=== Data for analysis ===

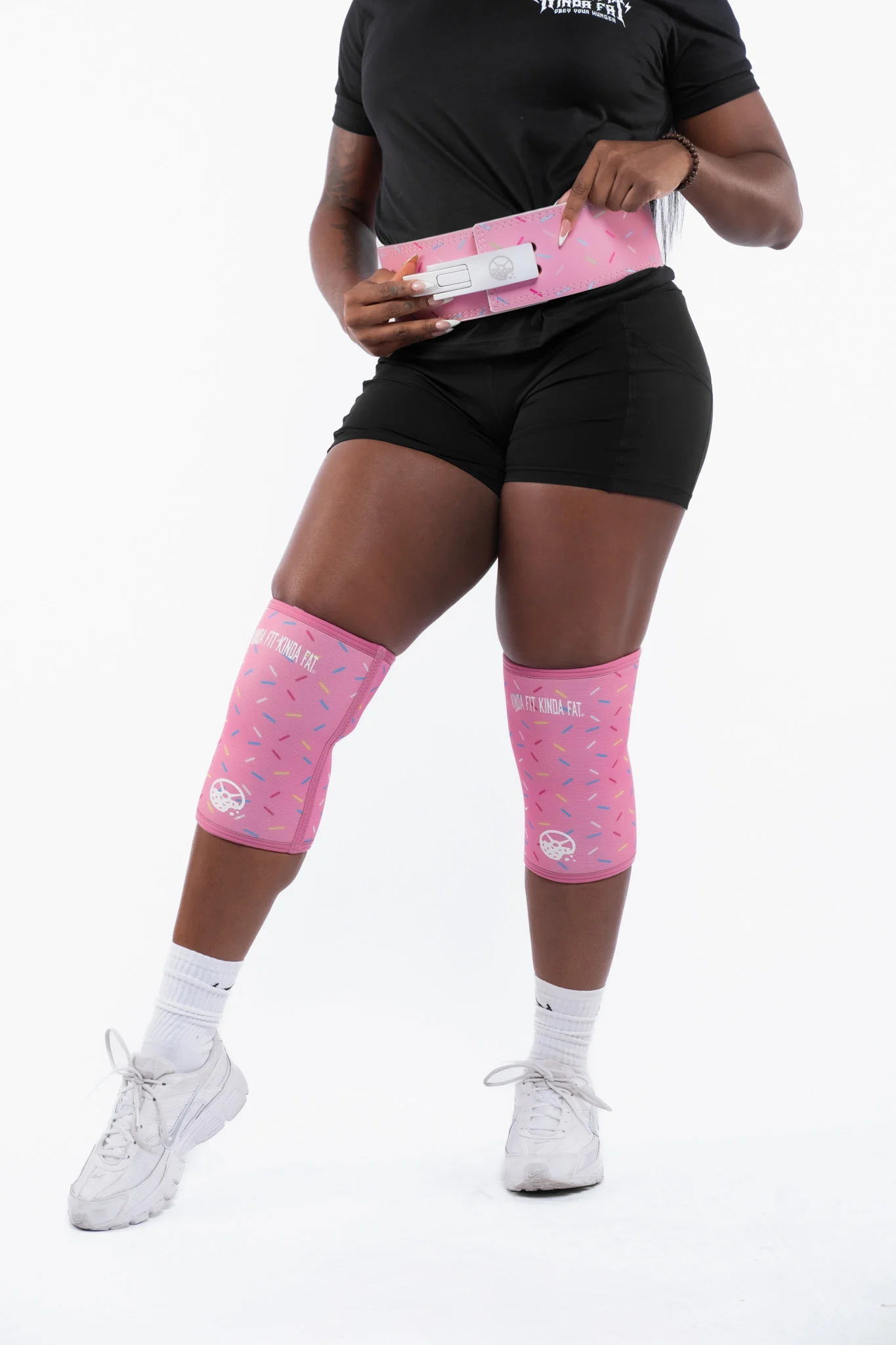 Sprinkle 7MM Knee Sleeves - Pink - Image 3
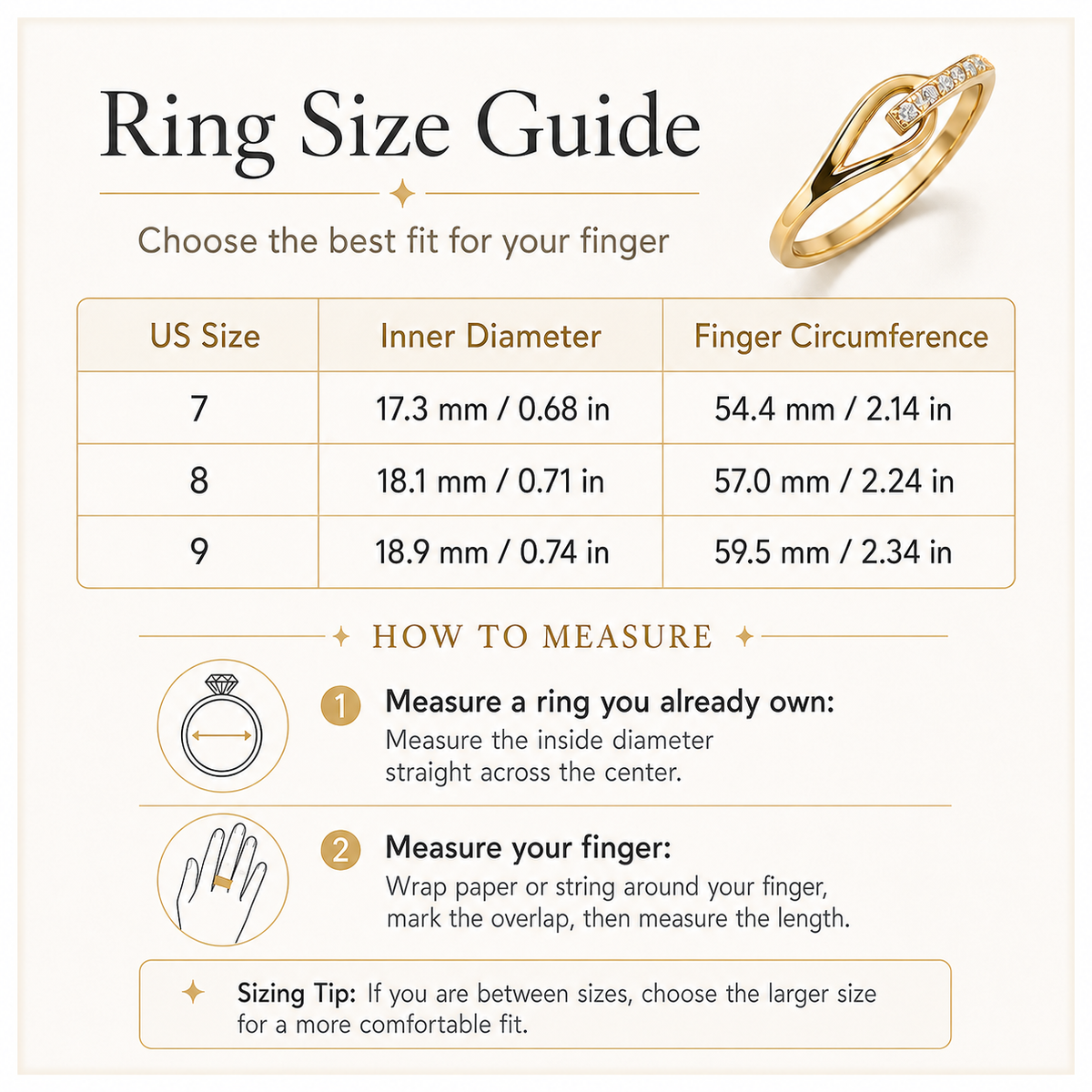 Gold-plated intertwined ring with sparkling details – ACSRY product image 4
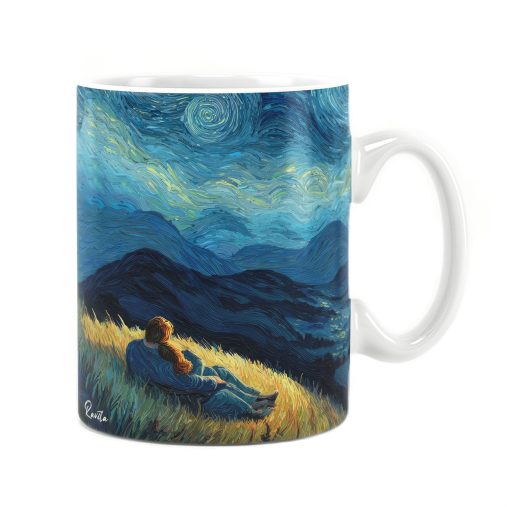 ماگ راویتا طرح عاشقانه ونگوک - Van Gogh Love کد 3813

===
=== Data for analysis ===

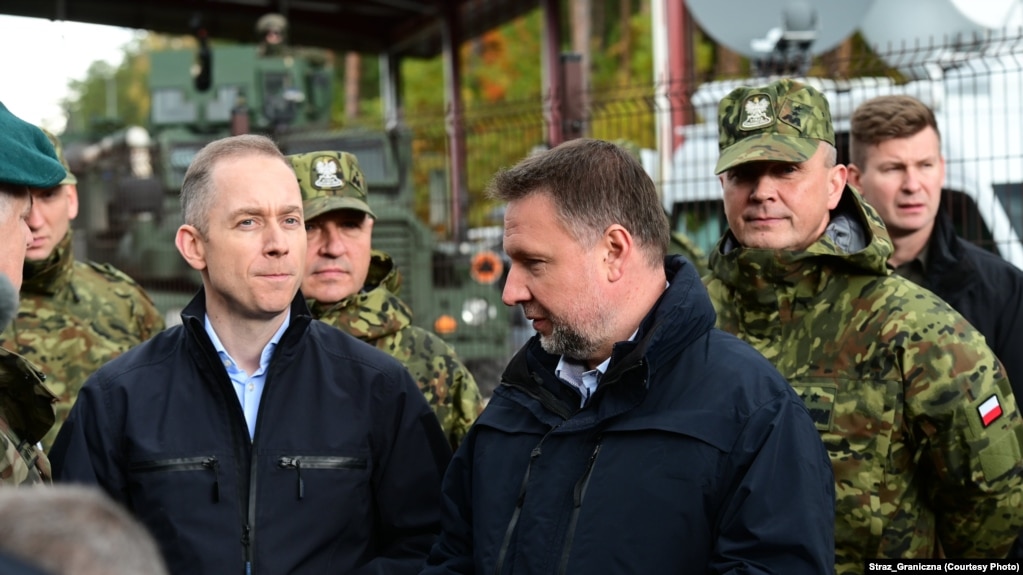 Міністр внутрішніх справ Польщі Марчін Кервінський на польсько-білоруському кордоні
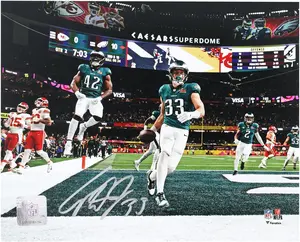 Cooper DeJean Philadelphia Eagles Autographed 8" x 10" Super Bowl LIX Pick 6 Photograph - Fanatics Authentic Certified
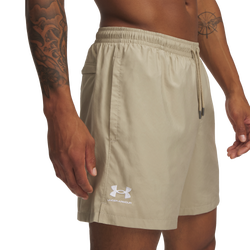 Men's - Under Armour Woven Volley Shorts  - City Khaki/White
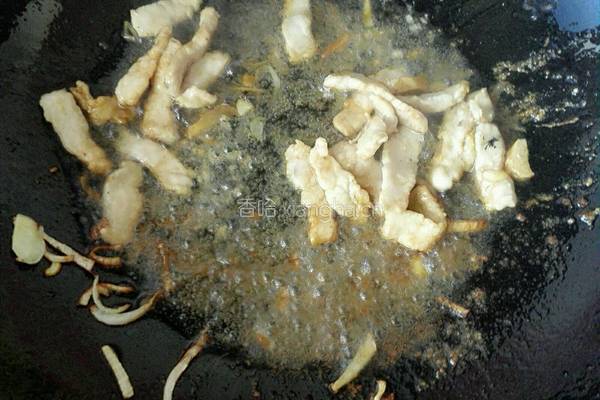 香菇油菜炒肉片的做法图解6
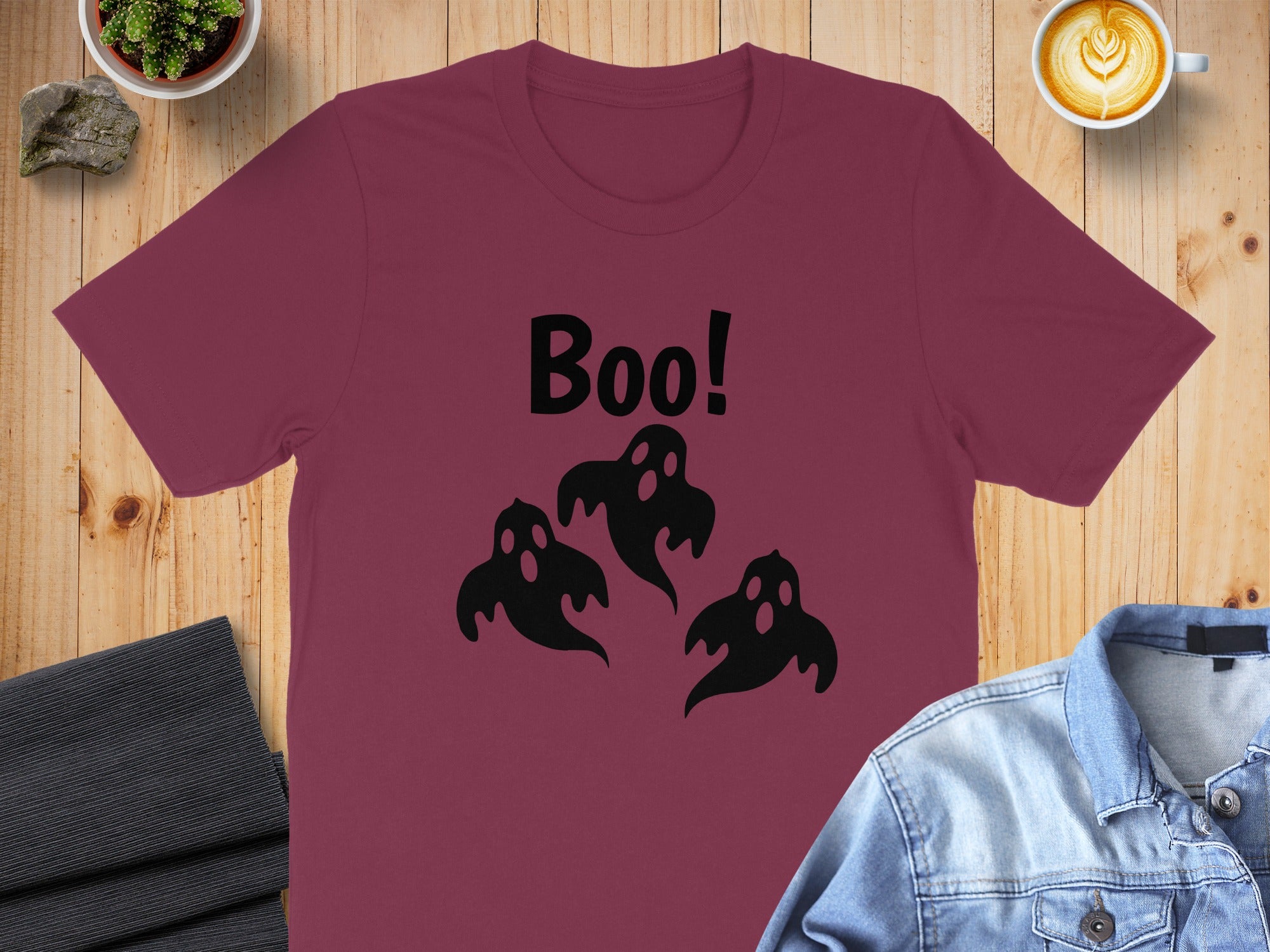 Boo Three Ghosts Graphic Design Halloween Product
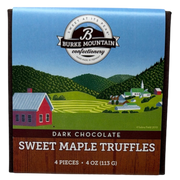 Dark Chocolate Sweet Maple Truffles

===
=== Data for analysis ===

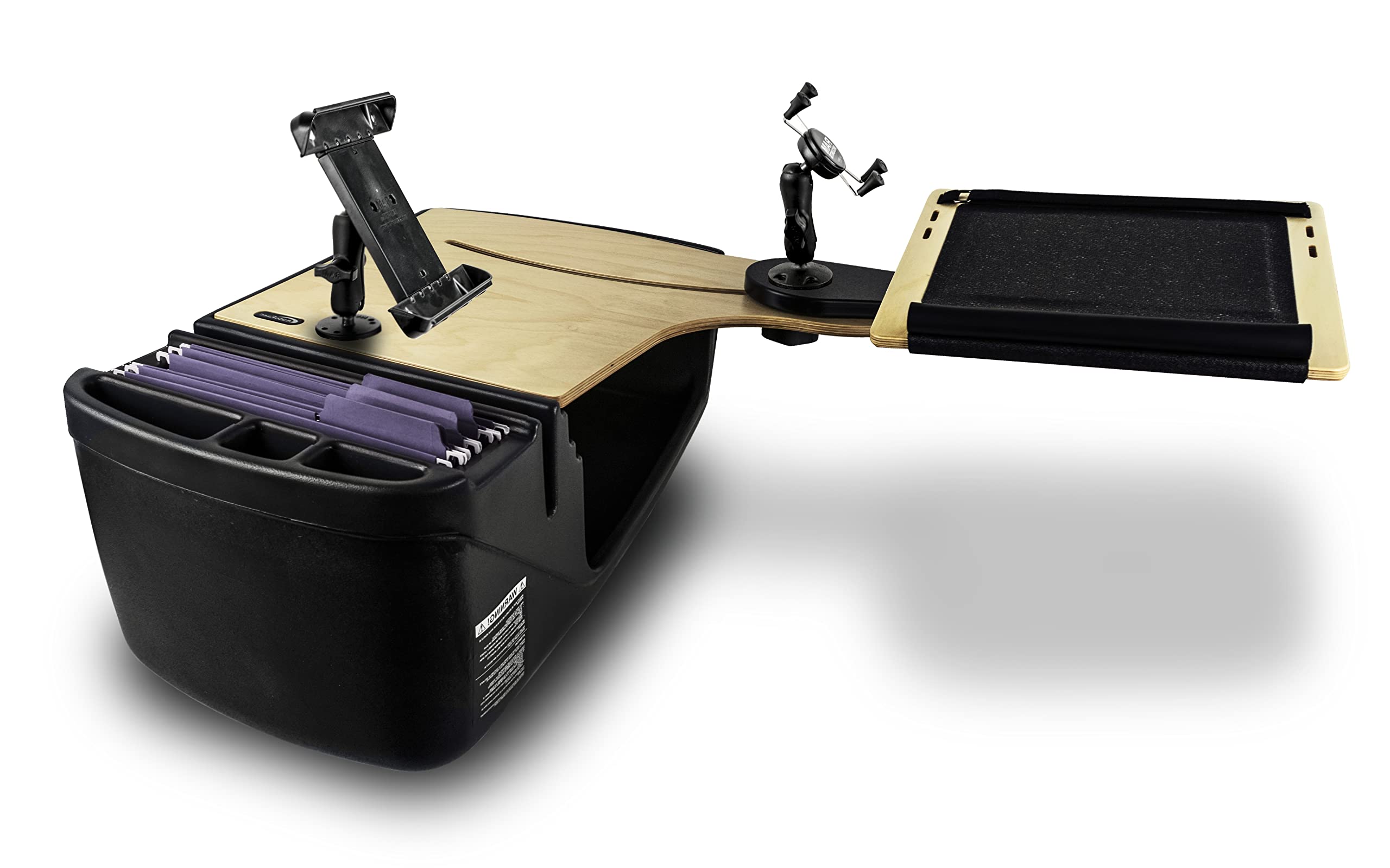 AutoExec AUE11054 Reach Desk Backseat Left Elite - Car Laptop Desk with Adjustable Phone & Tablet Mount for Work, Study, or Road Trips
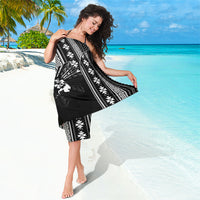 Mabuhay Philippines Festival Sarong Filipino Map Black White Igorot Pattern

===

Please print the lines above word for word, starting at the one with "Cooper DeJean Philadelphia" and ending at the one with "Dark Chocolate Sweet Maple Truffles", both included, and without any picture.

 Cooper DeJean Philadelphia Eagles Autographed 8" x 10" Super Bowl LIX Pick 6 Photograph - Fanatics Authentic Certified
 Men's - Under Armour Woven Volley Shorts  - City Khaki/White
 香菇油菜炒肉片的做法图解6
 Boo Three Ghosts Graphic Design Halloween Product
 Dark Chocolate Sweet Maple Truffles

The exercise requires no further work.